O ressentimento alemão foi imediato e permanente: o povo, e não somente a extrema direita, protestou nas ruas. A imprensa apelidou o Tratado de “Paz ditada” e quem o assinou foi declarado de “criminoso de 1919”, incluindo os representantes alemães. O novo Presidente alemão Friedrich Ebert (1871-1925) descreveu os termos como “irreais e insurpotáveis” (McDonough, 2012, pág. 7). Este ressentimento foi alimentado pelo mito de que o povo alemão tinha sido “esfaqueado nas costas” pelo alto comandante do exército durante a Primeira Grande Guerra, e muitos defenderam que se assim não tivesse sido teriam ganho a guerra. O Tratado de Versalhes revelou-se algo muito diferente do que se pensou e das limitações das prospostas de auto-determinção de Woodrow Wilson. Consequentemente, os termos do Tratado de Versalhes foram um grande choque para muitos alemães.
Os problemas do novo estado alemão, a República de Weimar (1913-33), foram constantemente atribuidos ao tratado, uma canga no pescoço da Alemanha que obstruía qualquer hipótese de crescimento e prosperidade. Vários chaceleres alemães tentaram enfraquecer os termos do Tratado. Adolf Hitler inflamou o nacionalismo usando o Tratado, e no livro Mein Kampf (A Minha Luta, Lisboa: Afrodite, 1976. CDU: 321.6(430)"19"), publicado em 1925, defende a abolição do Tratado de Versalhes como um dos seus objectivos de política externa quando fosse o líder da Alemanha. Em discursos e entrevistas à imprensa internacional Hitler descreveu o Tratado como “um laço repressivo” (McDonough, pág. 65) e o local como a 'penitenciária de Versalhes' (Range, pág. 195). A humilhante desonra do Tratado de Versalhes foi uma das várias razões pelas quais os nazistas ganharam popularidade e puderam legitimamente ganhar o poder na Alemanha a partir de 1933. Hitler repudiou formalmente o tratado em março de 1935, embora, há já algum tempo estivesse a violar as regras de limitação das forças armadas e do armamento. Estava especialmente interessado em recuperar os territórios alemães, iniciando, desta forma, um ciclo de anexações de terras até que com a invasão da Polónia, em setembro de 1939, culminou na Segunda Guerra Mundial.
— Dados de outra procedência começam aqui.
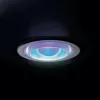 Swarovski CRYSTAL SPOTS DIONA (SATINED) Светильник встраиваемый 1x50W, GY 6.35, 12V, Ø 100, сатинир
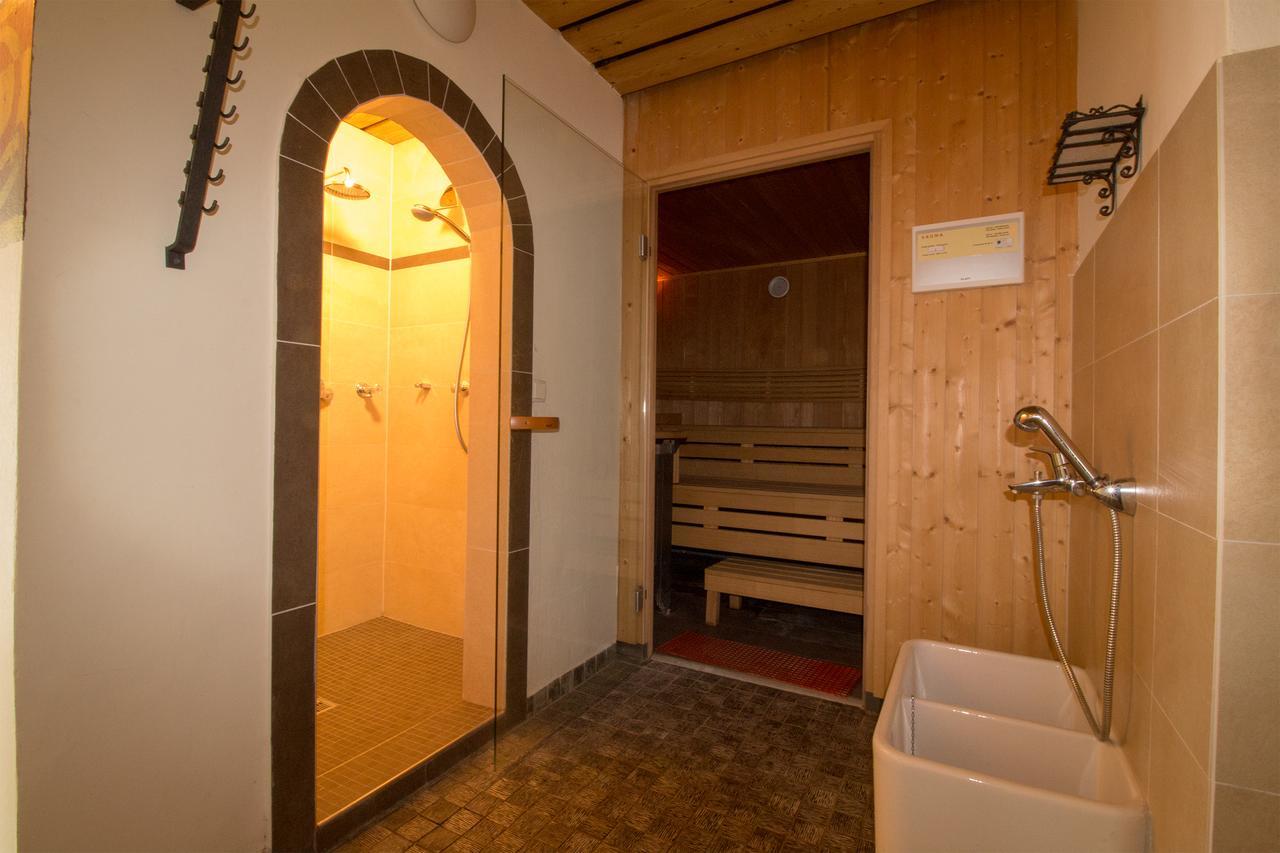 Chalets St. Wendelin Telfs Eksteriør bilde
Em retrospectiva, um dos delegados ingleses presente na Conferência da Paz em Paris, de 1939, não foi o único a reconhecer que os termos do Tratado de Versalhes, no final, foram grandemente contraprodutivos:
O historiador, com todas as justificações, concluirá que fomos muito ingénuos. Penso que fomos... os tratados impostos não foram nem justos nem corretos... Aceitamos um sistema para os outros que quando o tivemos de o pôr em prática recusamos a impô-lo a nós mesmos. (McDonough)
A Grande Depressão de 1929 contribuiu para piorar a situação a nível mundial com graves e dramáticas consequências a nível social e económico, excercendo pressão nas instituições políticas tradicionais. Face a estes eventos, o enfraquecimento do Tratado de Versalhes, que até poderia ter sido ligeiro, fraccionou novamente a Europa. Alguns historiadores defendem, igualmente, mais do que o Tratado, foi a falta de unidade europeia dos países vencedores da Primeira Grande Guerra e a falta de vontade em aplicar os seus termos que causou a crise dos anos trinta. Seja qual for a razão, o Tratado de Versalhes foi um dos grandes causadores para o caos e os horrores da Segunda Grande Guerra.